Ainda limita a concessão do benefício da
assistência judiciária gratuita, amplia as hipóteses de incidência da
sucumbência no processo do trabalho, prevê possibilidade expressa de “quitação
geral do contrato” em minuta de acordo extrajudicial, regras que tornam ainda
mais difícil o acesso à Justiça, para quem mais precisa dela. Interfere na
atuação dos Auditores Fiscais, instituindo exigências para a fiscalização e
reduzindo a possibilidade de imposição de multas administrativas. Considera
indenizatórias verbas pagas em razão do trabalho. Todas essas alterações
fragilizam ainda mais a saúde e a segurança de quem trabalha. E o texto tramita
em regime de urgência, sem discussão pública, sem participação da sociedade,
como determina a Convenção 144 da OIT. Sobre isso, porém, reina o
silêncio.
A maioria das pessoas sequer conhece o teor
dessas propostas, que emblematicamente representam os tantos projetos que vêm
sendo votados e aprovados, promovendo um desmanche sem precedentes, naquilo que
conseguimos construir a partir da Constituição de 1988. No último dia 5, a
Câmara de Deputados aprovou o texto base do projeto de privatização dos
Correios, medida que atenta contra a soberania nacional, pois se trata de dominar
ou não a forma mais capilarizada de comunicação.
Enquanto discute-se o voto impresso ou as
ofensas proferidas pelo presidente da República contra os ministros do STF,
pouca ou nenhuma atenção é dedicada a essa destruição profunda e programada do
Estado brasileiro.
Em meio a tudo isso, o governo busca a
fórmula para garantir algum tipo de assistencialismo que lhe garanta condições
de vitória no pleito eleitoral de 2022. É conveniente lembrar o quanto o povo
brasileiro, apoiado por uma mídia atenta e exaustivamente repetitiva, repudiou
a prática de “pedalada fiscal”, quando houve interesse na criação de factóide
para a fragilização do Poder Executivo em 2016. Hoje, em um nível muito mais
profundo de desrespeito às regras do jogo, deixar de pagar precatório parece
até algo de menor importância.
Fica clara, então, a razão pela qual o
assunto do voto impresso não é simplesmente descartado, por sua absurdidade.

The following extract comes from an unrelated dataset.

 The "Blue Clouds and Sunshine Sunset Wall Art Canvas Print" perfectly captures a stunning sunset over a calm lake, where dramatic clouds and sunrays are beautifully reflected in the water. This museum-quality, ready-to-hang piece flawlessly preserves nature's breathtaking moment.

Ele serve como cortina de fumaça. Serve a tantas e diversas pessoas que
ocupam espaços de poder e que tendo condições de fazer avançar investigações e
pedidos de impeachment, silenciam de modo proposital, enquanto permitem e
colaboram para o avanço de projetos profundamente ruins para a sociedade
brasileira.
É dessas pessoas, a maioria delas eleitas pelo
povo que sofrerá diretamente os efeitos de toda a destruição, que precisamos
cobrar, com urgência, uma atitude, antes que seja tarde demais.
*Valdete
Souto Severo é doutora em Direito do Trabalho pela USP/SP, juíza do trabalho no
Tribunal Regional do Trabalho da Quarta Região, professora de Direito e
Processo do Trabalho da UFRGS e escritora.